Another in the excellent Universal Bob Hope Tribute Collection Double Feature DVD series pairs up two Hope films from 1942 -- "My Favorite Blonde" and "Star Spangled Rhythm."

"Star Spangled Rhythm" (directed by George Marshall and with sketches written by Arthur Ross, Norman Panama and Melvin Frank, and George Kaufman) is not really a Bob Hope film. Hope appears in it as one of an array of Paramount stars that perform routines for a gaggle of sailors.
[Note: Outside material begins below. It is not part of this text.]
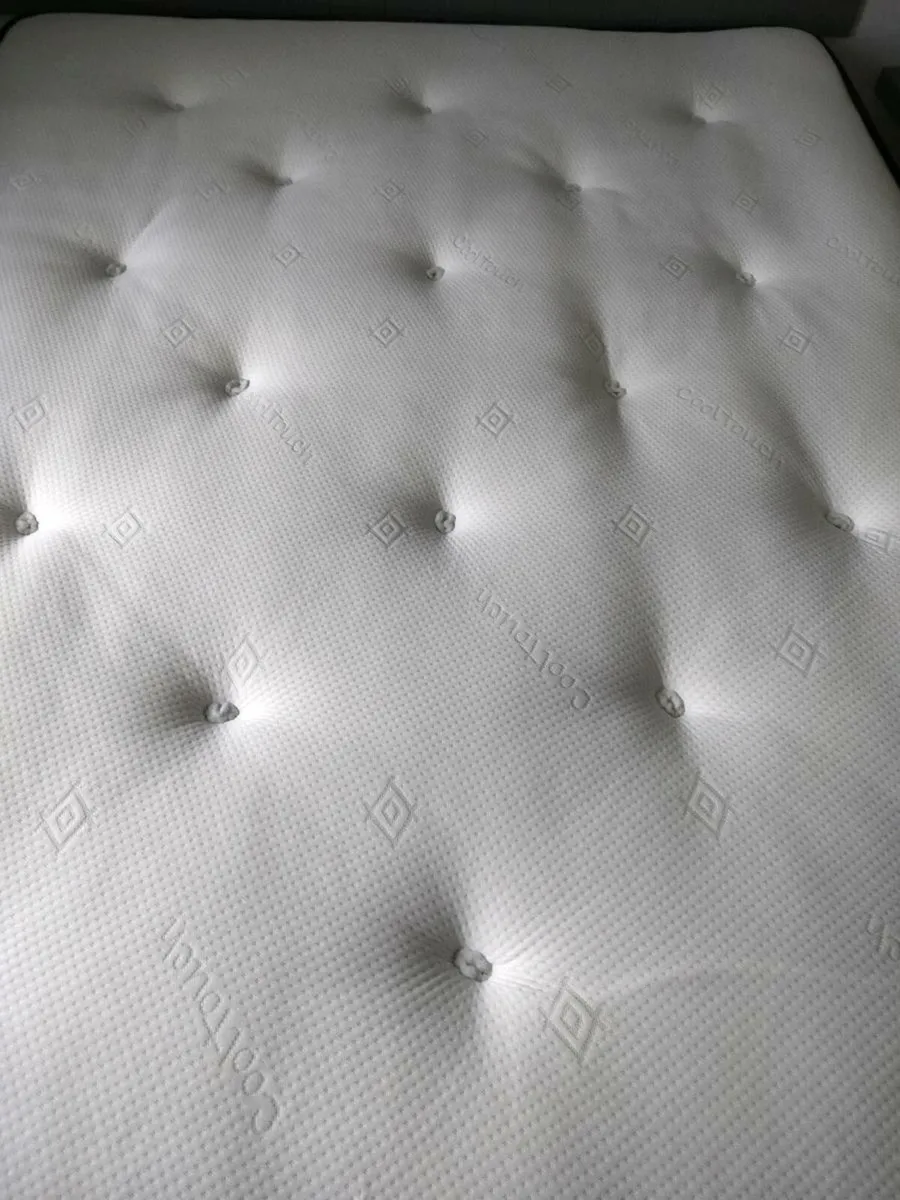 5 ft King Mattress - Image 3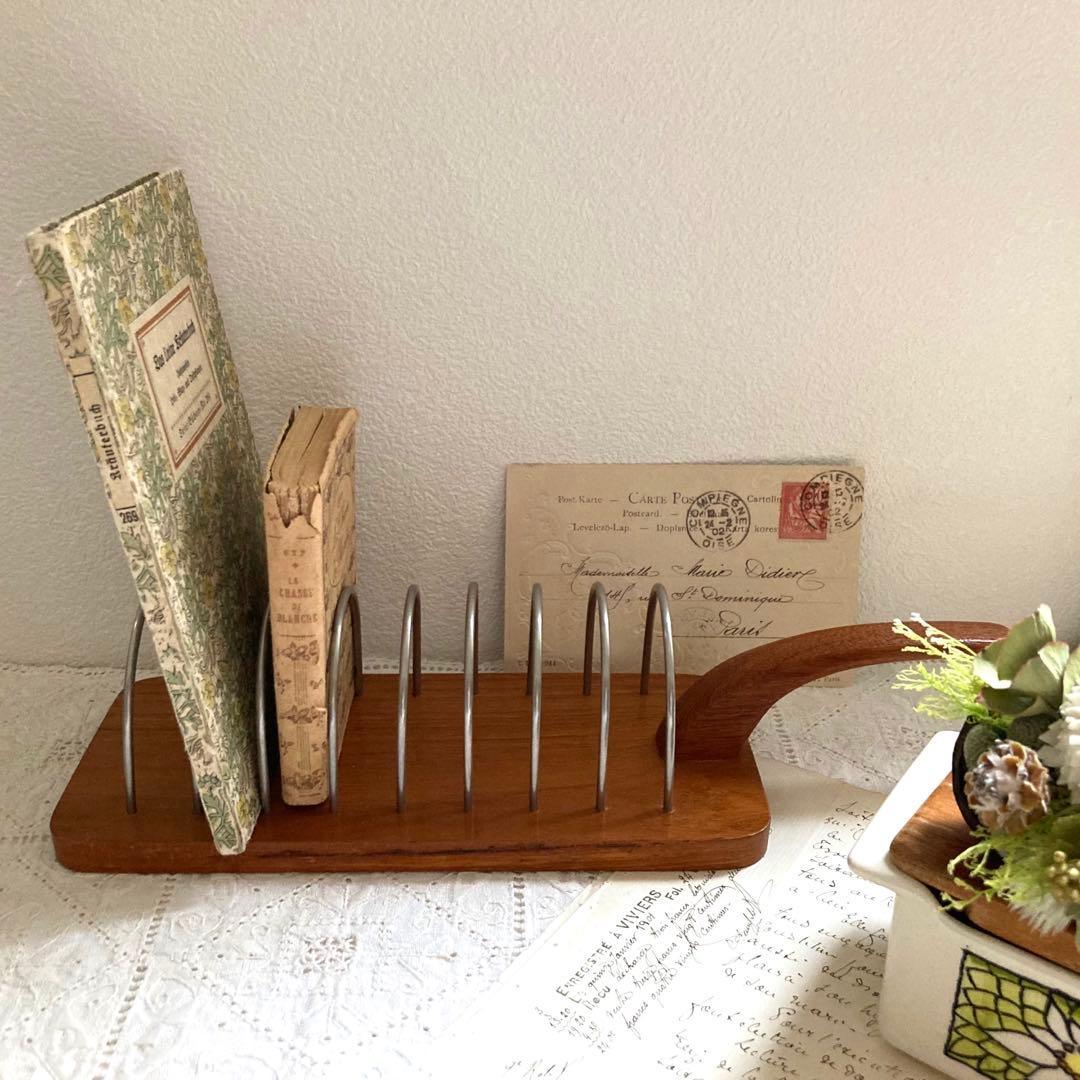 北欧ヴィンテージ　チークのトーストスタンド　ブックスタンドとしても♪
The film is one of those wartime extravaganzas that culminate in a climactic patriotic Walpurgisnacht -- in this case, it's Bing Crosby singing Johnny Mercer and Harold Arlen's "Old Glory." But "Star Spangled Rhythm" is a cut above other the Hollywood studios patriotic jubilees in that inside jokes abound concerning Paramount studio executives circa 1942. Cecil B Demille appears as his tyrannical self and ends up getting torpedoed by Cass Dailey, while Preston Sturges is seen stalking out of a screening room in a huff shouting "I'm going to Metro!" before doing a pratfall over an ashtray; it's enough to make Myron Selznick laugh out loud from his grave. Hope finally appears as the emcee and as himself in a hilarious sketch where he ends up trying to hide from William Bendix in a shower as Bendix is scrubbing himself down. Anyone skeptical about Hope's slapstick talents can look no further than this scene.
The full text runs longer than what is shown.